The pigs decide to write down a list of seven “commandments”: whatever goes upon two legs is an enemy, whatever goes upon four legs, or has wings, is a friend, no animals shall wear clothes, no animal shall sleep in a bed, no animal shall drink alcohol, no animal shall kill any other animal, and all animals are equal, which during the novel the pigs break all of these. Napoleon then decides to milk the cows which he later takes for the himself and the rest of the pigs, Napoleon also takes apples for the rest of the pigs. Napoleon and the other pigs also do no physical work around the farm, they just give orders to the other animals, while the pigs think of ways to use the equipment and improve the farm. Their excuse for taking the milk and the extra food was because they needed it to help them think.
The animals decide to hold debates and Napoleon and Snowball are the most active in these debates but “these two were never in agreement”. During The Battle of the Cowshed Napoleon is not mentioned in the fight, however Snowball shows extreme courage and bravery as he runs towards Mr. Jones with the gun, so that Snowball was making sure that he wouldn’t harm another animal. Napoleon decided that he wanted to take a litter of pups, so e could bring them up himself.
Snowball then proposes a plan to build a windmill and Napoleon is against this idea from the very beginning. During one of the gatherings between all the animals Napoleon summons his pack of vicious dogs which chase Snowball away from the farm forever, giving Napoleon more control over the rest of the animals. Even after all of this Napoleon decides to go ahead with the building of the windmill and takes credit for it.
Napoleon made all the other animals work like “slaves” to get the windmill built, but when the storm hits, the windmill is destroyed and Napoleon blames this incident on Snowball. Then following incidents and accidents happen on the farm and Napoleon blames all of these on Snowball and the animals believe this.
Napoleon announces that there will be no more meetings in the farm house, and even the younger pigs try to speak up about this, but are soon silenced with the growl of the vicious dogs. Then Napoleon and the rest of the pigs move into Mr. Jones’ house, this is when they start breaking the “commandments”, they sleep in the beds and drink alcohol. To stop the other animals rebelling against them, Napoleon orders Squealer to change the commandments in the middle of the night.
When Napoleon had the final meeting between all the animals, he forced explanations out of the animals because he thought they were conspiring against him and working with Snowball. He ordered his dogs to kill a lot of the animals this made them very scared and timid and they never questioned Napoleons doings. Again Napoleon made Squealer change another one of the commandments.

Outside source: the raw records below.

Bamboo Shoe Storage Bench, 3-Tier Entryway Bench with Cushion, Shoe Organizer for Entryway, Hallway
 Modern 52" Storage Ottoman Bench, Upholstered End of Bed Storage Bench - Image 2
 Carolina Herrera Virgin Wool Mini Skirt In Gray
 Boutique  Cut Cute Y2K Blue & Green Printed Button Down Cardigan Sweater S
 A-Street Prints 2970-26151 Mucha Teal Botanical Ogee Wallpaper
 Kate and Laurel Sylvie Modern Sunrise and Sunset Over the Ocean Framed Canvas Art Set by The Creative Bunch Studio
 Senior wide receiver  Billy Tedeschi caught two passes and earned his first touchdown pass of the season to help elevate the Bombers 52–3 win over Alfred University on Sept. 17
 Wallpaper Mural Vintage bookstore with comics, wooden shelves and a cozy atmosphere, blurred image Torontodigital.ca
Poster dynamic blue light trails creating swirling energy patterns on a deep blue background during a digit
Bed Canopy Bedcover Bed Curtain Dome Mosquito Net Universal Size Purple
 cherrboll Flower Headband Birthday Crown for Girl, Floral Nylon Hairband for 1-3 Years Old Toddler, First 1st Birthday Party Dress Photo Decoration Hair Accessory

Years went by on Animal Farm, they had completed the original windmill and many more were built, Napoleon started trading with the surrounding farms and the rest of the original animals could hardly remember the days of Mr. Jones, and they were brainwashed in to thinking that this way of life was the best, being forced to work constantly by Napoleon.
Napoleon invited the humans over from the neighbouring farms to see all the work he had forced his “fellow comrades” to do. They started walking on their hind-legs and wearing clothes. When he sat around the table with the other humans his face transformed and the animals looked in from the window outside and looked “from man to pig and from pig to man” and noticed no difference between their facial features.
The major themes of this novel are rebellion, hatred, bullying, supremacy and survival.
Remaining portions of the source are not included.